ICON to develop habitats and roads on the moon for NASA
Posted in: UncategorizedConstruction company ICON has been chosen to develop the first lunar building technologies for NASA as part of its Project Olympus program, which will see 3D-printed infrastructure built on the moon‘s surface.
The contract builds upon the funding for Project Olympus that ICON and architecture studio BIG were awarded in 2020, which aims to develop a way to create 3D-printed buildings for living on the moon using materials found on its surface.
The new contract, worth $57.2 million (£47 million), was awarded under the third phase of NASA’s Small Business Innovation Research (SBIR) program. This is partially funded by the US government’s Department of Defence and will focus specifically on space-based construction technologies.
Above: NASA has chosen ICON for phase III of Project Olympus. Top image: A 3D printer will be placed on the moon.
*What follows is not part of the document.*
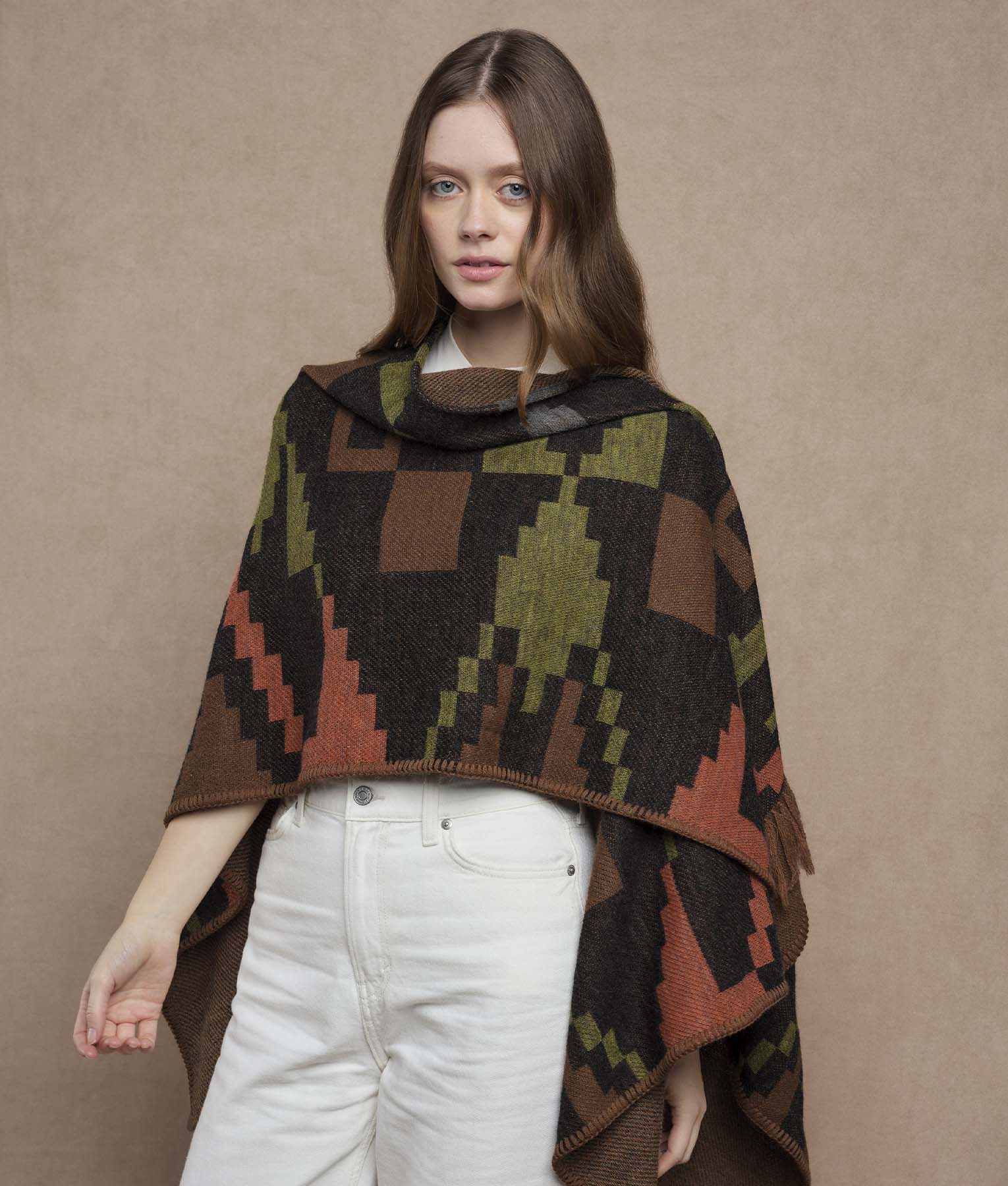 Mago Jacquard Cape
Courtesy of ICON/BIG-Bjarke Ingels Group
ICON’s 3D-printing construction technology will be used to build elements necessary for living on the moon, such as roads, launchpads and homes, in order to create a lunar base or outpost for humans.
“In order to explore other worlds, we need innovative new technologies adapted to those environments and our exploration needs,” director of technology maturation at NASA’s Space Technology Mission Directorate Niki Werkheiser said.
“Pushing this development forward with our commercial partners will create the capabilities we need for future missions.”
Austin-based ICON will construct a large 3D printer that could be carried to the moon in a spacecraft. Once on the planetary surface, it will transform materials found on the moon, such as dust, into building materials.
“ICON’s Olympus system is intended to be a multi-purpose construction system primarily using local lunar and martian resources as building materials to further the efforts of NASA as well as commercial organizations to establish a sustained lunar presence,” ICON explained.
Buildings will be designed to withstand the moon’s lower gravity conditions.
Project Olympus falls under NASA’s Artemis program, which plans for long-term human exploration of the moon, and the infrastructure is designed to allow for human habitation on the moon in the future.
“To change the space exploration paradigm from ‘there and back again’ to ‘there to stay’, we’re going to need robust, resilient, and broadly capable systems that can use the local resources of the moon and other planetary bodies,” said ICON co-founder and CEO Jason Ballard.
“We’re pleased that our research and engineering to-date has demonstrated that such systems are indeed possible, and we look forward to now making that possibility a reality,” Ballard continued.
“The final deliverable of this contract will be humanity’s first construction on another world, and that is going to be a pretty special achievement.”
ICON is currently also collaborating with NASA and BIG on Mars Dune Alpha, a 3D-printed structure designed to simulate living on Mars.
A number of other architecture studios are also exploring building on the moon.
Architecture studio SOM and the European Space Agency designed a settlement for living on the Moon that is made up of inflatable modules and aptly named Moon Village.
Meanwhile, British architecture studio Foster + Partners unveiled a proposal to 3D print buildings on the lunar body.
Renderings courtesy of ICON unless otherwise stated.